Como visto, a Corte Superior firmou a orientação, como regra, de que a reiteração delitiva é circunstância impeditiva da aplicação do princípio da insignificância ao crime descaminho. Neste sentido,“[…] fez destacar que a reiteração da conduta é uma circunstância apta a uma conduta mais reprovável e de periculosidade social relevante, inclusive porque transmite a ideia de impunidade, reduzindo o caráter de prevenção geral da norma penal, de modo que, caso verificada, tem-se por afastado, ao menos, dois dos pressupostos para reconhecimento da atipicidade material da conduta nos moldes estabelecidos pela jurisprudência, a saber: ausência de periculosidade social da ação e reduzido grau de reprovabilidade do comportamento.”
Entretanto, a referida decisão possibilitou uma exceção à regra, quando ressalvou que“[…]a depender das circunstâncias que tangenciem a reiteração da conduta, o julgador pode compreender que o reconhecimento da atipicidade material é a medida socialmente recomendável”.
Uma questão importante firmada neste precedente qualificado foi o alcance do termo “reiteração da conduta delitiva”. Neste sentir, a Terceira Seção referendou a jurisprudência já sedimentada naquela Corte Superior, onde se reconhece que “[…] apesar de não configurar reincidência, a existência de outras ações penais, inquéritos policiais em curso ou procedimentos administrativos fiscais é suficiente para caracterizar a habitualidade delitiva e, consequentemente, afastar a incidência do princípio da insignificância.”

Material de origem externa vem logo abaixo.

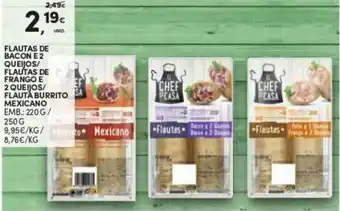 Flautas de Bacon E 2 Queijos/Flautas de Frango e 2 Queijos/Flautas Burrito Mexicano 220g/250g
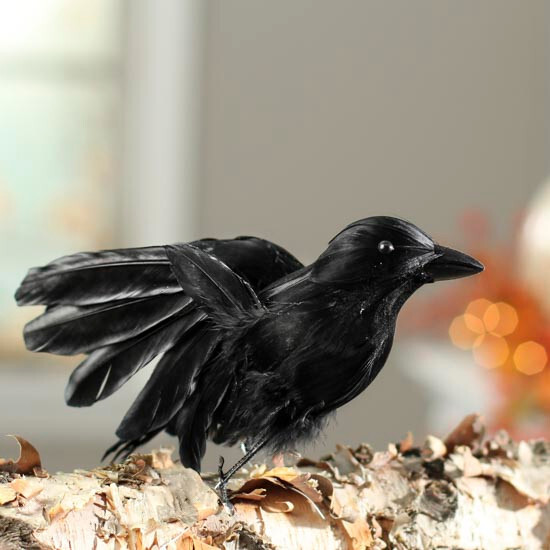 2 Black Feathered Flying 8″ Wide Artificial Black Crow Birds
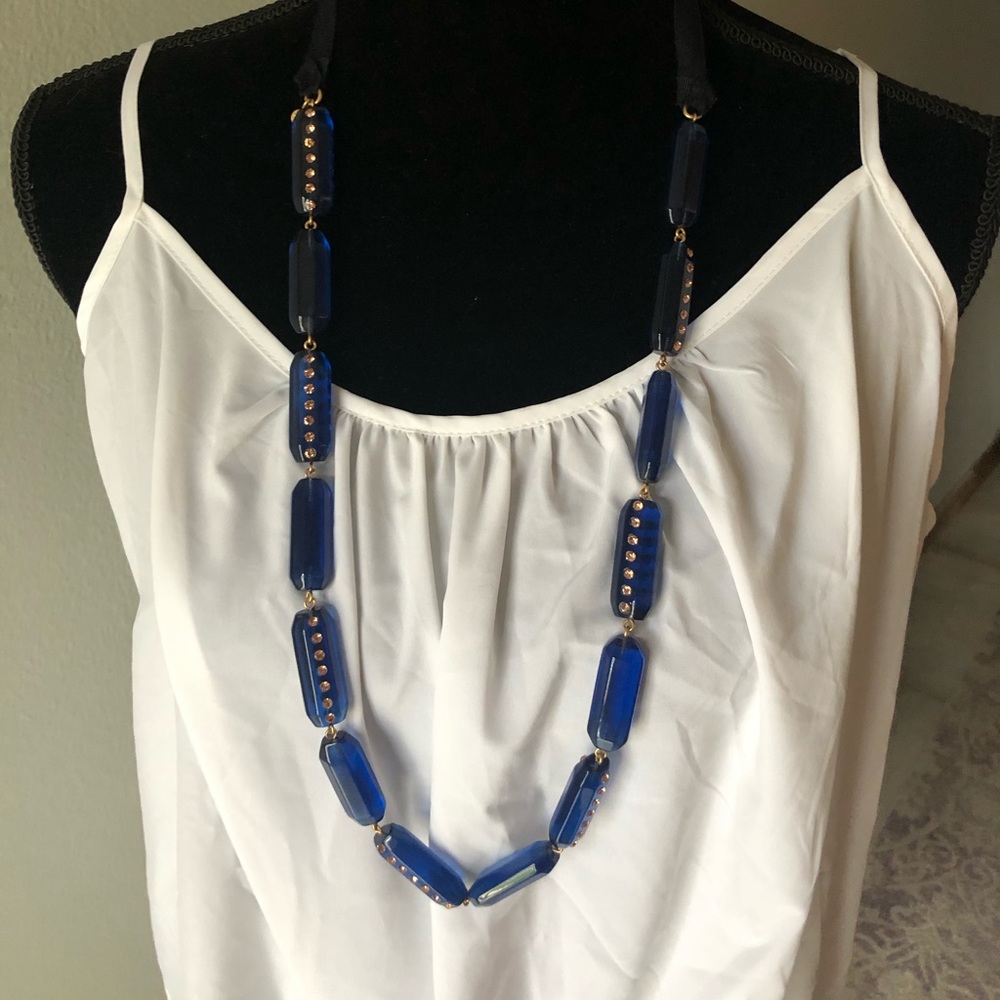 J. Crew Blue Ribbon Necklace - Picture 2 of 6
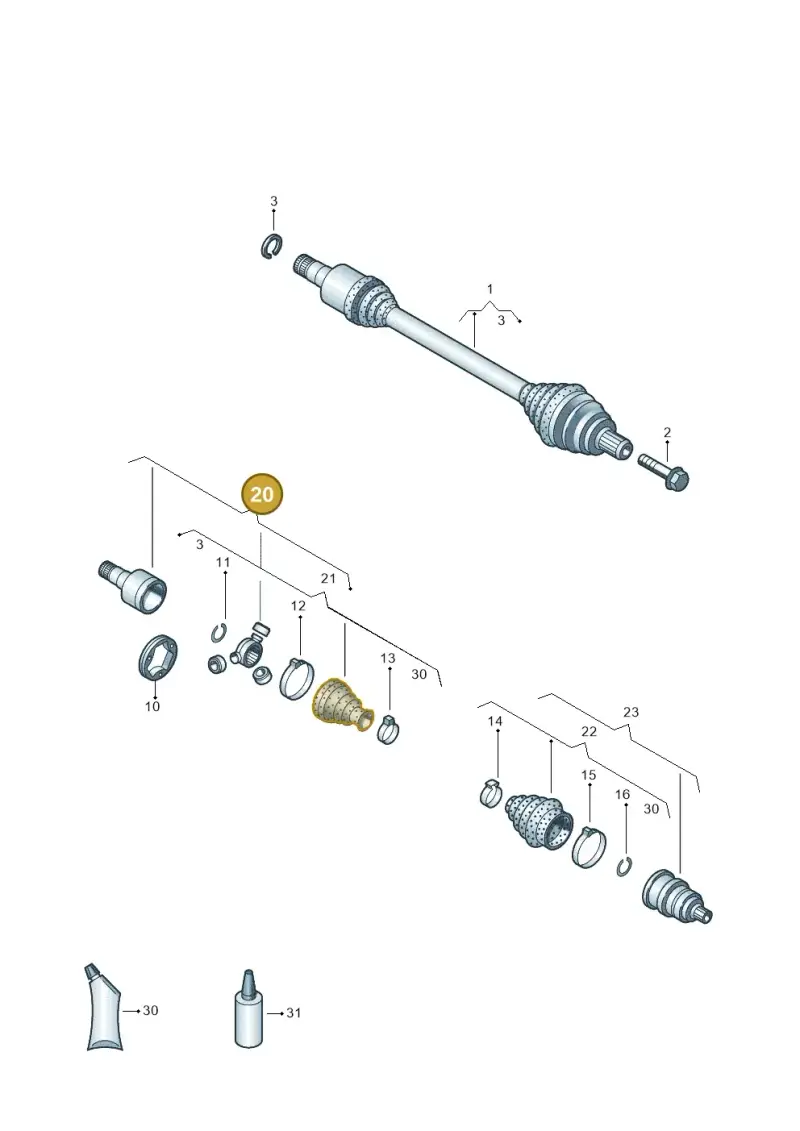 3C0498103GX — Volkswagen TIGUAN                 08> (2007-) diagram 634407320, position 20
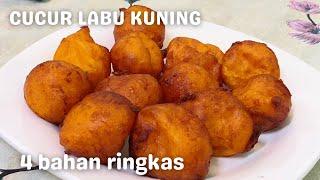 Cucur labu kuning sedap lembut didalam rangup diluar, guna 4 bahan ringkas sahaja, sangat mudah.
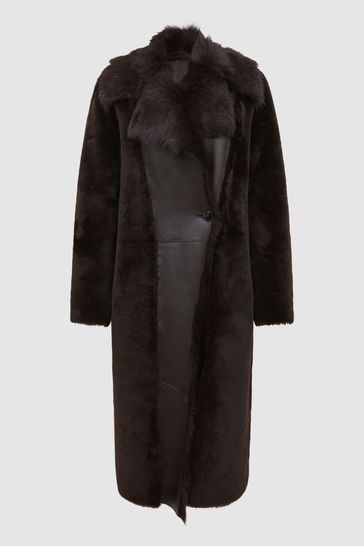 Buy Reiss Dark Aubergine Dana Petite Reversible Longline Shearling Coat from Next Cyprus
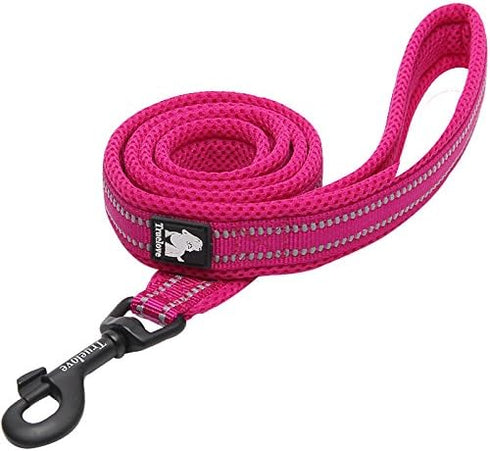 Creation Core Reflective Dog Leash Pink, Durable Padded Strap for Puppy, 6.5Ft Long, 1" Wide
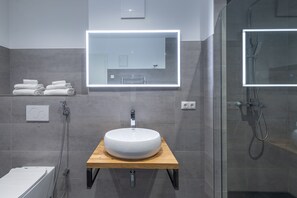 Douche, séchoir à cheveux, serviettes fournies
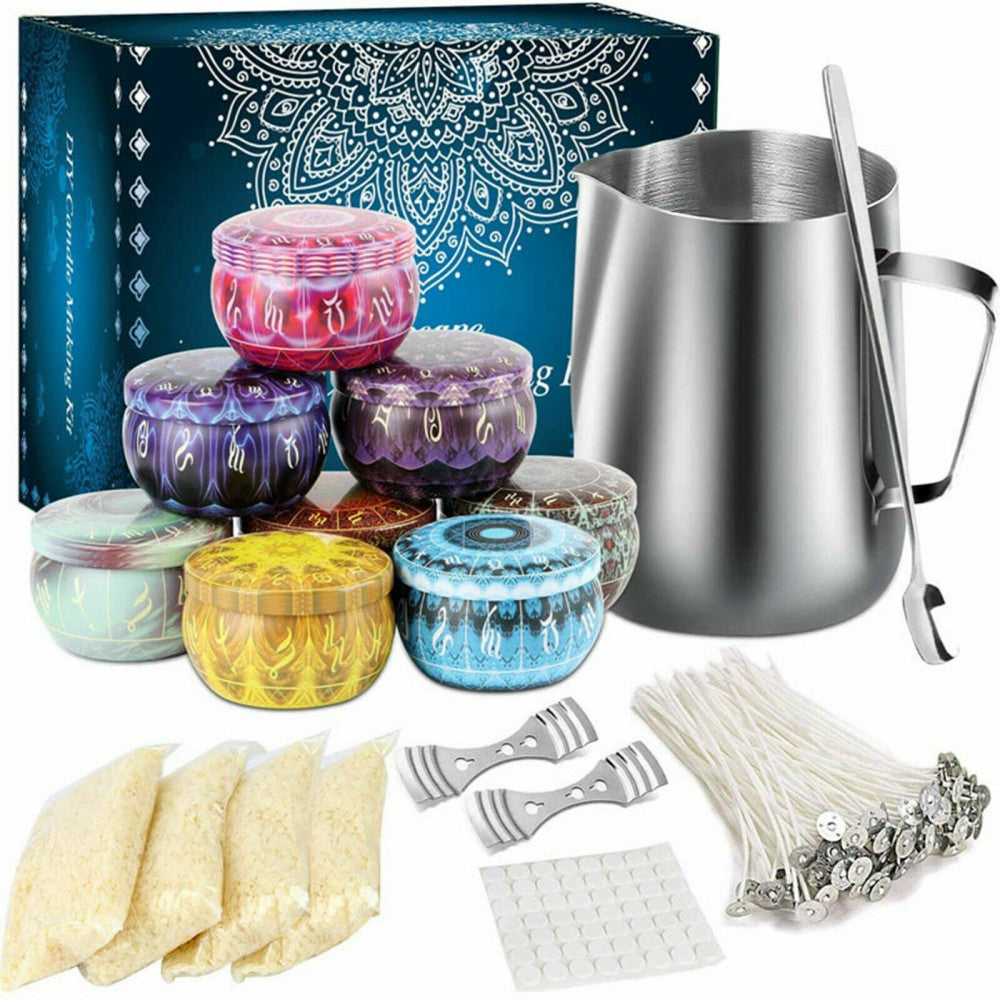 122PCS Candle Making Kit DIY Candles Craft Tool Set Pouring Pot Wicks Wax Gift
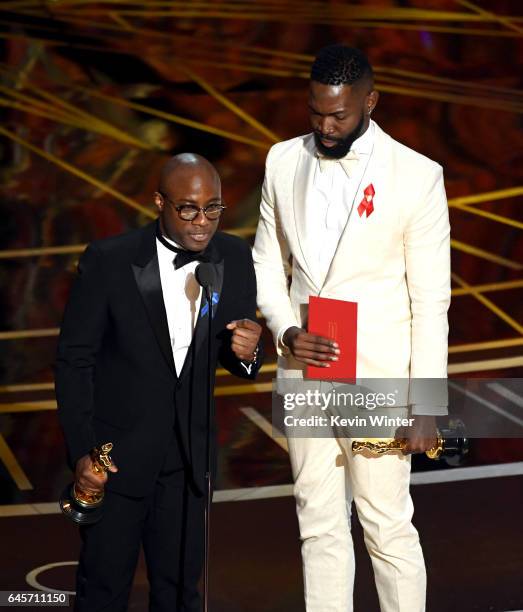 Writer/director Barry Jenkins and writer Tarell Alvin McCraney accept Best Adapted Screenplay for 'Moonlight' onstage during the 89th Annual Academy...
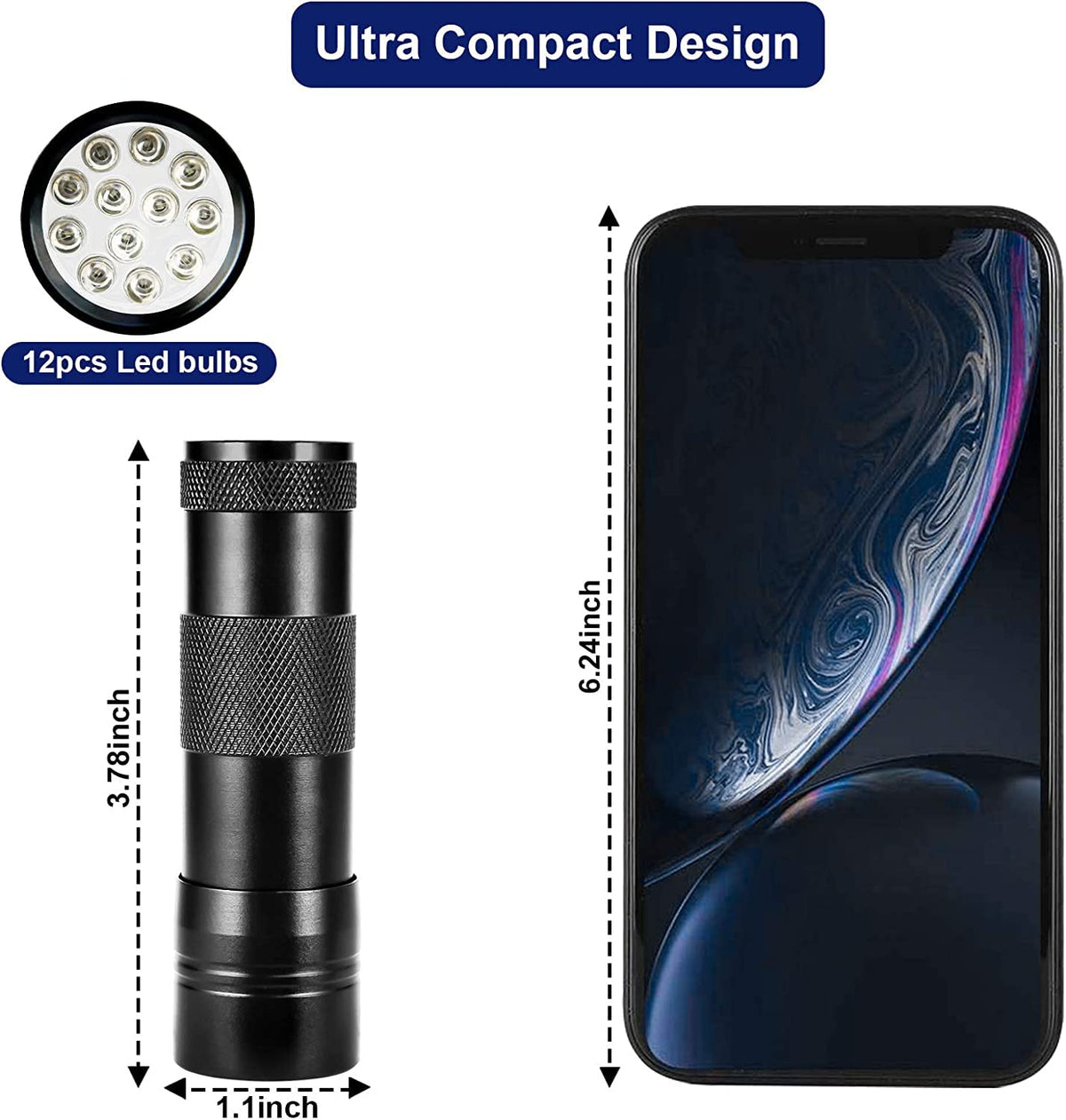 MegaPower (TM) UV Flashlight Black Light 12 LED 395nm Hand-held Detecting Torch for Pet Urine, Stains, Verifying Money Documents, Black 🍁 All In One Marketplace Canada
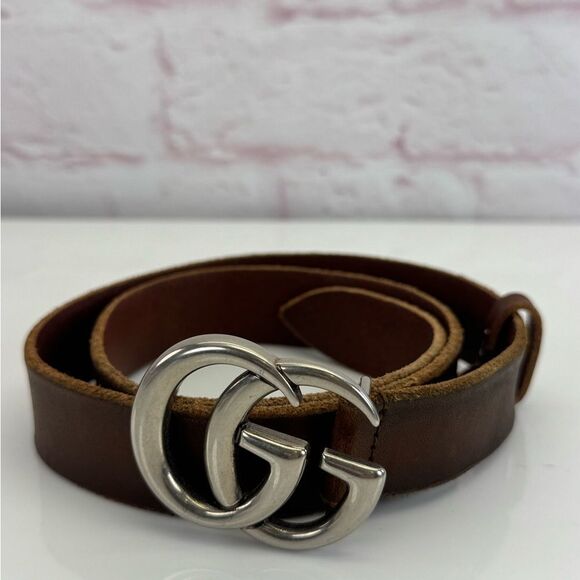 Authentic Gucci Distressed Raw Edge Brown Leather Belt 414516 75/30 main image 6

Outra importante questão enfrentada na decisão foi a demarcação de eventual marco temporal para valoração dos procedimentos caracterizadores da habitualidade delitiva. Inicialmente, foi levada em consideração a jurisprudência do Supremo Tribunal Federal, a qual definiu que os maus antecedentes não se submetem ao período depurador de cinco anos, aplicável apenas à reincidência (Tema 150). Por conseguinte, ficou estabelecido no precedente do STJ que não haveria base legal para aplicação desse lapso temporal ou mesmo outro marco objetivo para fins da contumácia delitiva, quando deverá incidir os princípios da razoabilidade e proporcionalidade como critério de avaliação da contemporaneidade.
Por fim, ficou decidido que o valor do tributo sonegado não deve ostentar relevância para fins de reconhecimento da atipicidade material da conduta. Isso porque, “[…] em se tratando de agente contumaz na prática delitiva, é desinfluente perquirir o valor do tributo não recolhido para fins de aplicação do princípio insignificância, pois a contumácia, em regra, indica per se uma conduta mais gravosa e de periculosidade social relevante, de modo que a reiteração, em regra, acaba por afastar os requisitos necessários para o reconhecimento da atipicidade material da conduta.”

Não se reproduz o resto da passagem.